### [What needs to be done]
Copy down the listing below exactly. Do not include pictures.

### [Dataset section]
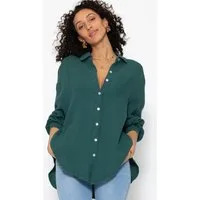 SASSYCLASSY Longbluse Oversize Musselin Bluse Damen kurz Langarm Elegant Hemdbluse lang aus Baumwolle mit V-Ausschnitt, One Size (Gr. 36-48)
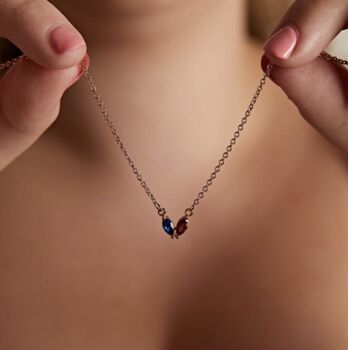 Custom Metal Birthstone Teardrop Necklace, 5 of 11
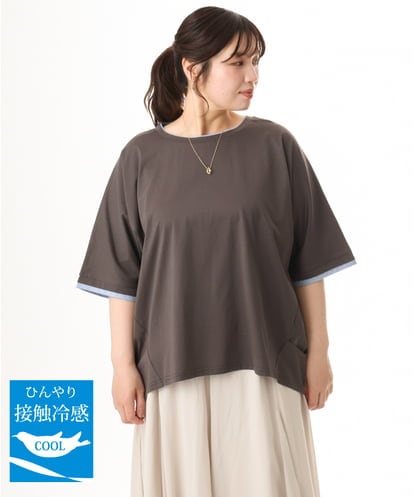 OLKHD42079 eur3 【大きいサイズ/ 接触冷感】配色コットントップス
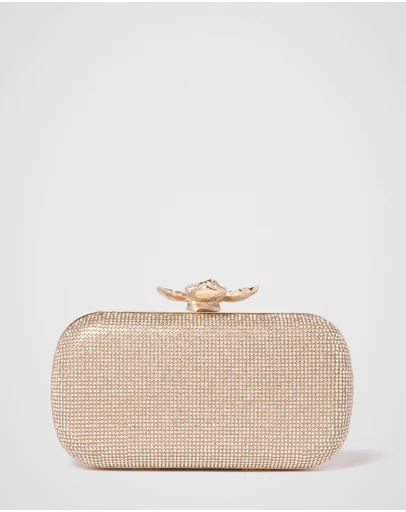 Forever New - Callie Flower Clasp Jewel Clutch Bag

### [Result for this exercise]
 SASSYCLASSY Longbluse Oversize Musselin Bluse Damen kurz Langarm Elegant Hemdbluse lang aus Baumwolle mit V-Ausschnitt, One Size (Gr. 36-48)
 Custom Metal Birthstone Teardrop Necklace, 5 of 11
 OLKHD42079 eur3 【大きいサイズ/ 接触冷感】配色コットントップス
 Forever New - Callie Flower Clasp Jewel Clutch Bag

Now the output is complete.